Task goal:
Transcribe only the lines from the one containing "Indra Sharingan Pfp - Zetta Wallpaper" through the final line of the entries below, exactly, and exclude the pictures.

Extracted entries START

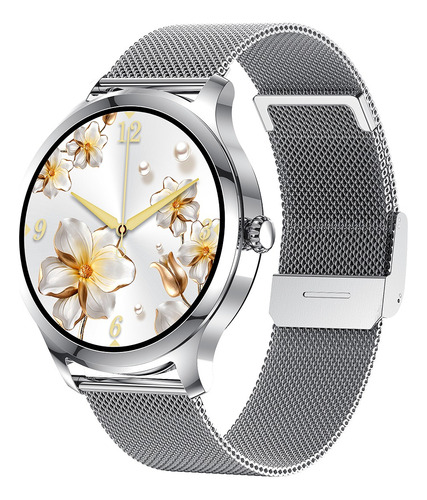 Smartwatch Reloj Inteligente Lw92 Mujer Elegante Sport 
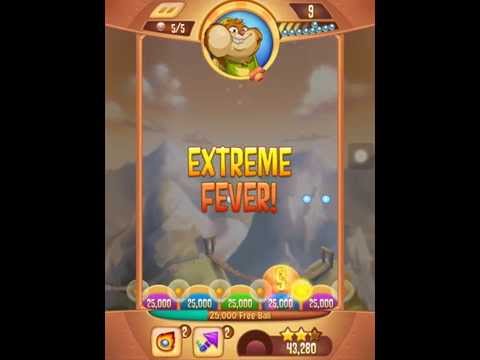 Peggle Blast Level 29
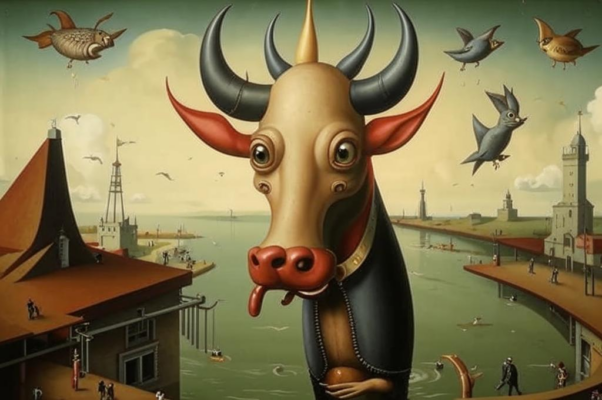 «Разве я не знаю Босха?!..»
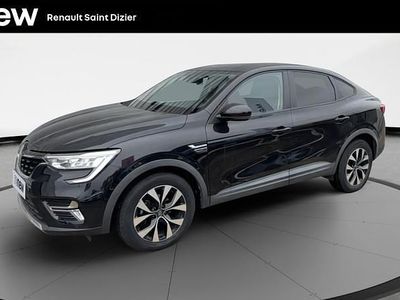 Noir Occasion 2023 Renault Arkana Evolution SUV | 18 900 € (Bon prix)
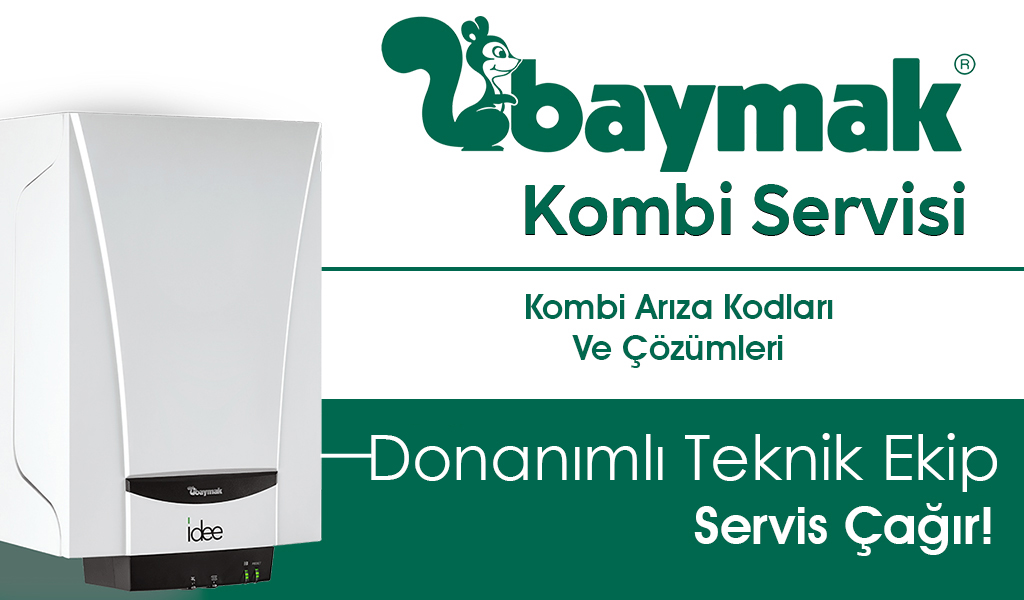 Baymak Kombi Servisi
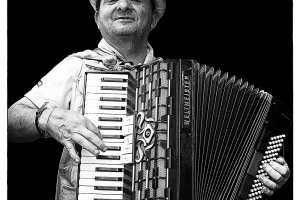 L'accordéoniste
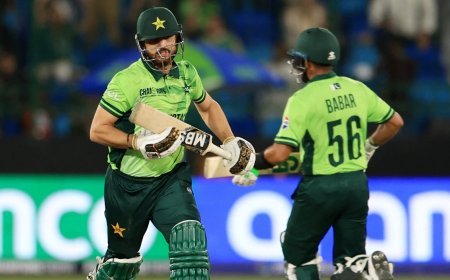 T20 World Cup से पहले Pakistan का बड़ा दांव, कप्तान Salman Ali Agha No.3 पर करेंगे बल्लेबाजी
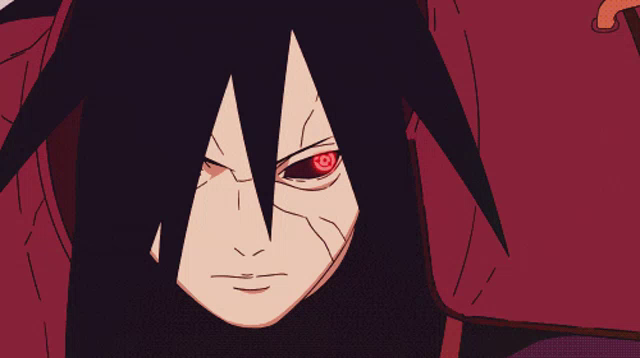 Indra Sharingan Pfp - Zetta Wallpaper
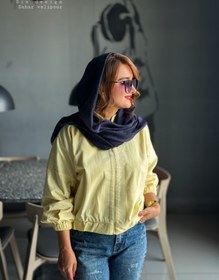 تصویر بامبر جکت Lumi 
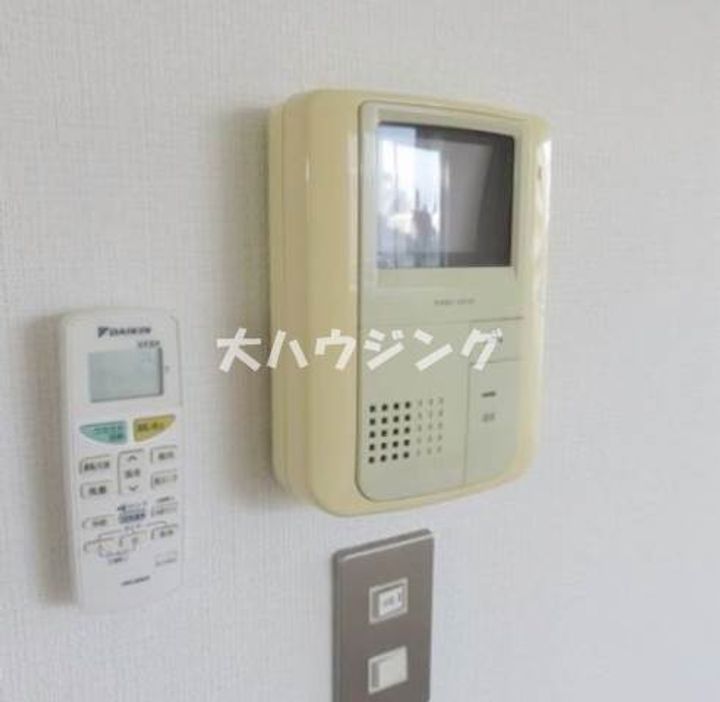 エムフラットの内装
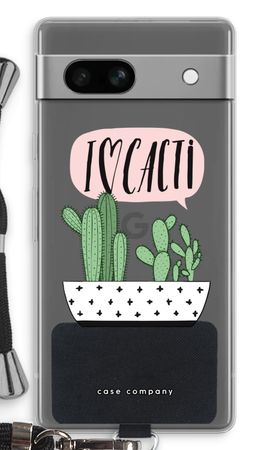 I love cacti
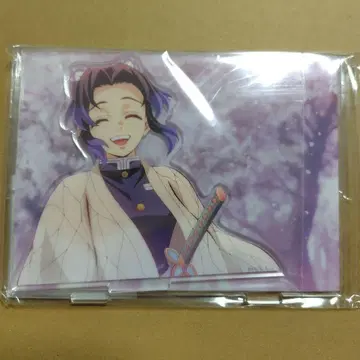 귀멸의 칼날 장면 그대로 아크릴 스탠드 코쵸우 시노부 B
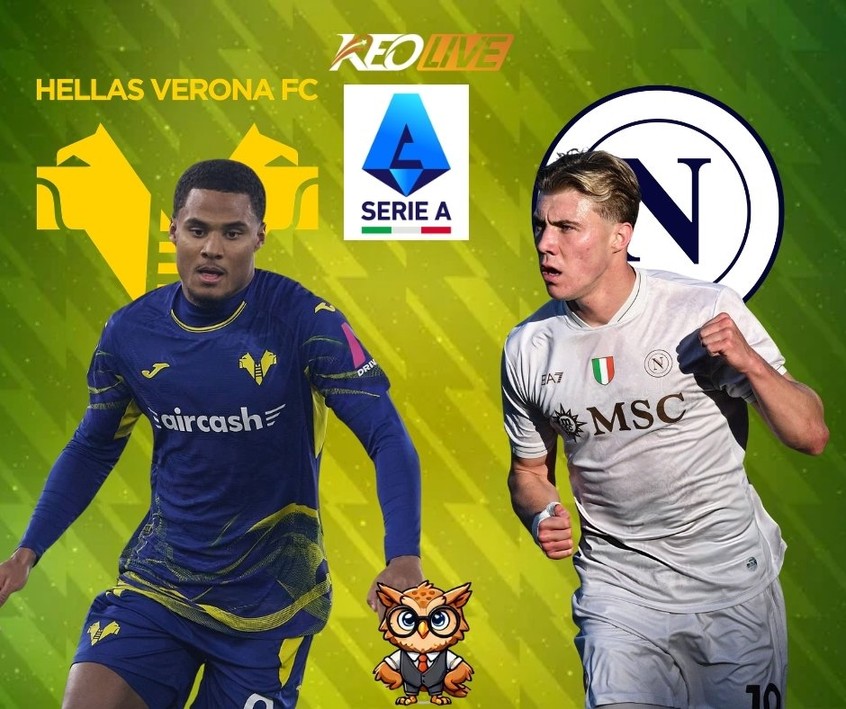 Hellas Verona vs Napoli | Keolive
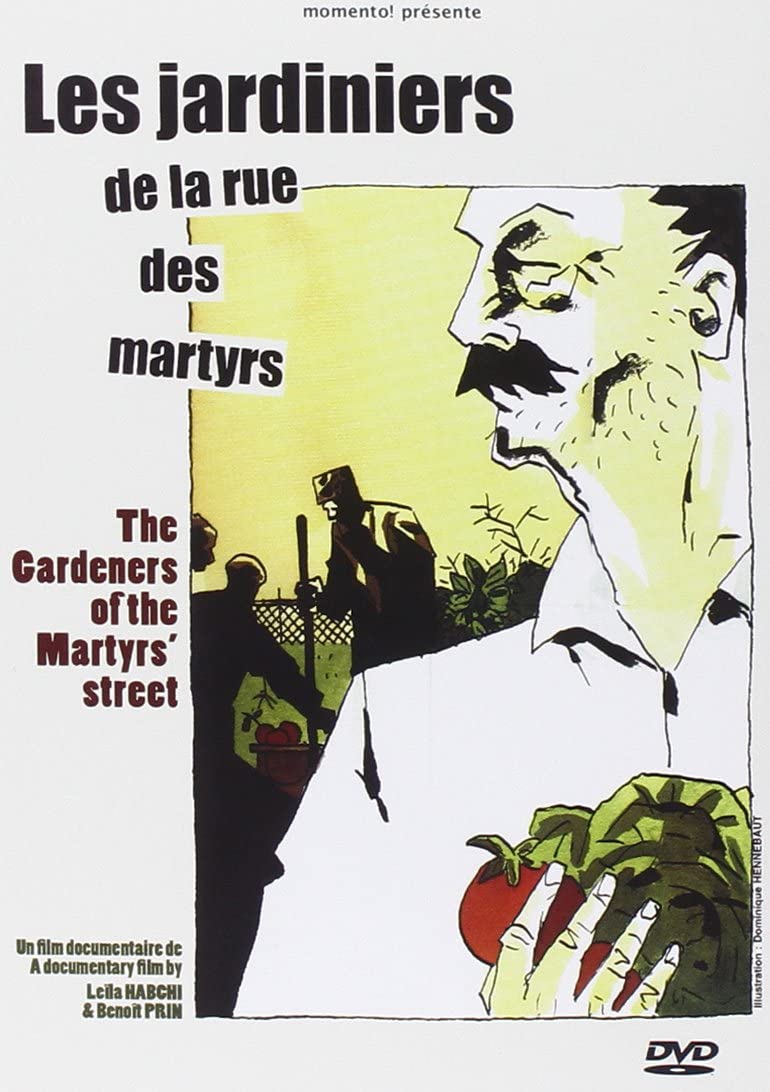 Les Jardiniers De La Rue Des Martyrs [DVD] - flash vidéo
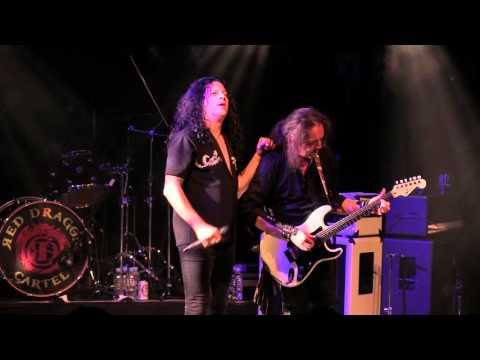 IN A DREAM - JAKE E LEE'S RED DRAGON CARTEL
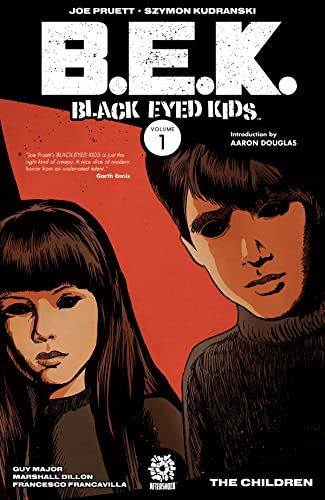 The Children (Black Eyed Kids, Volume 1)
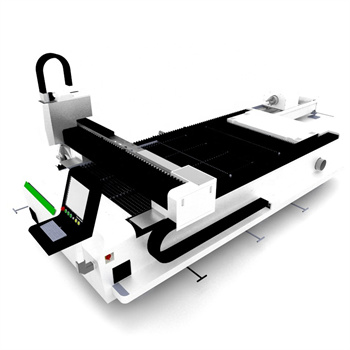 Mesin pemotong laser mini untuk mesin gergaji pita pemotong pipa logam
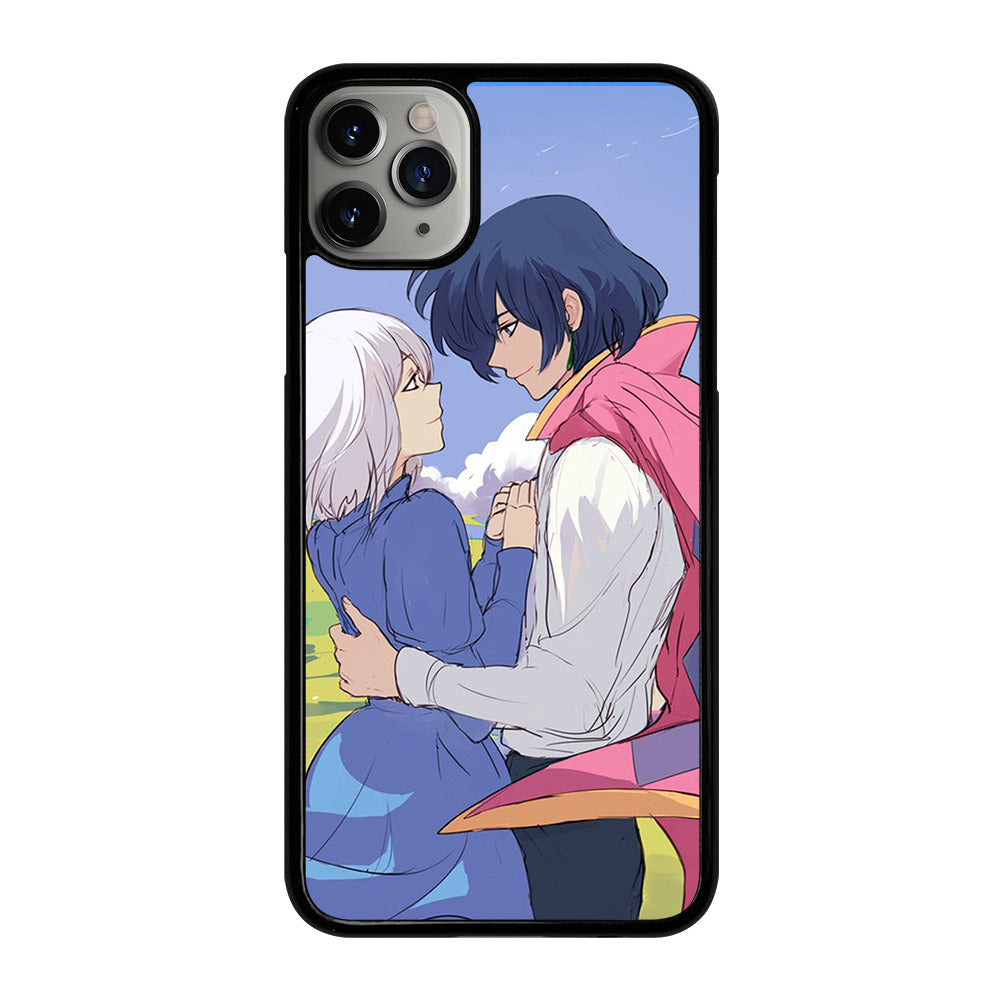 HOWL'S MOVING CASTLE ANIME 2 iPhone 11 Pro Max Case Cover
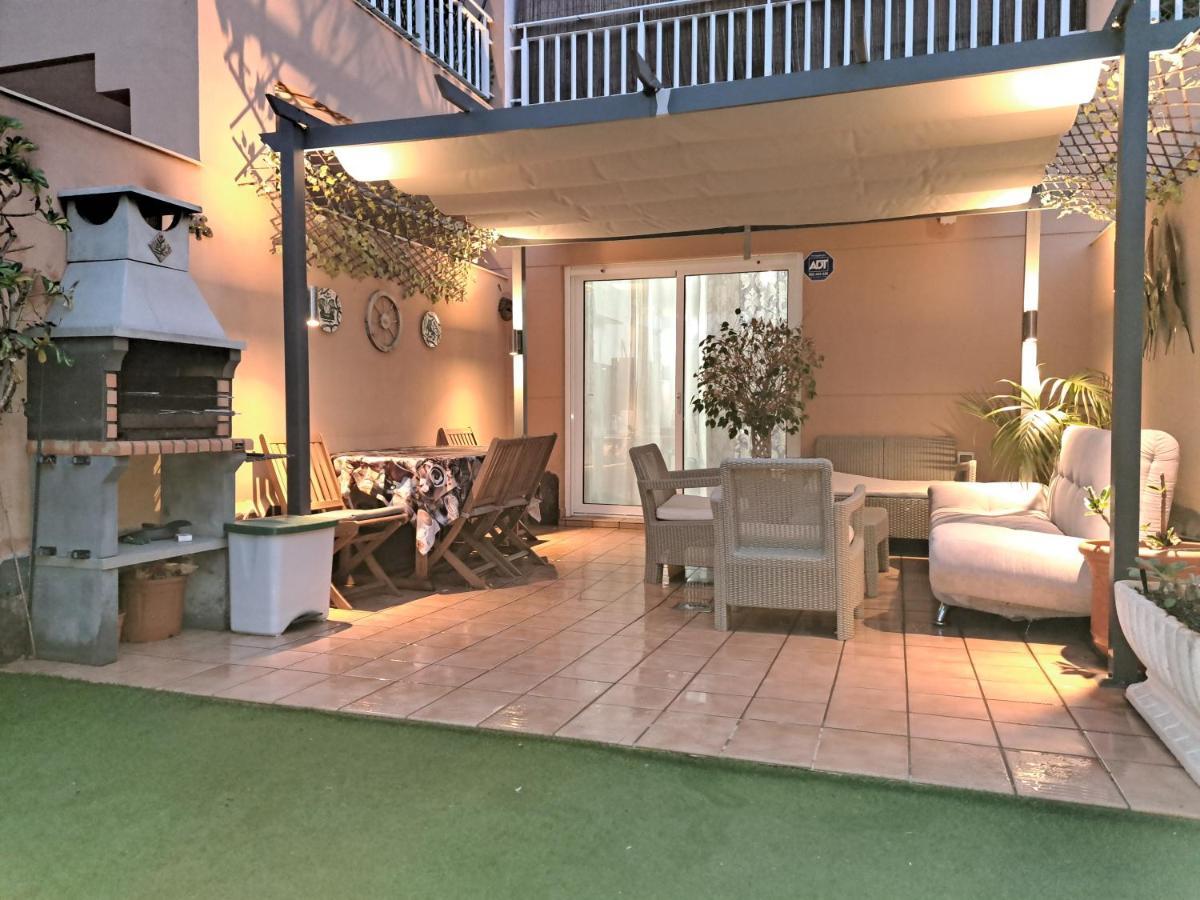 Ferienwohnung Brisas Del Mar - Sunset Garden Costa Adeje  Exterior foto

Extracted entries END

Written solution:
 Indra Sharingan Pfp - Zetta Wallpaper
 تصویر بامبر جکت Lumi 
 エムフラットの内装
 I love cacti
 귀멸의 칼날 장면 그대로 아크릴 스탠드 코쵸우 시노부 B
 Hellas Verona vs Napoli | Keolive
 Les Jardiniers De La Rue Des Martyrs [DVD] - flash vidéo
 IN A DREAM - JAKE E LEE'S RED DRAGON CARTEL
 The Children (Black Eyed Kids, Volume 1)
 Mesin pemotong laser mini untuk mesin gergaji pita pemotong pipa logam
 HOWL'S MOVING CASTLE ANIME 2 iPhone 11 Pro Max Case Cover
 Ferienwohnung Brisas Del Mar - Sunset Garden Costa Adeje  Exterior foto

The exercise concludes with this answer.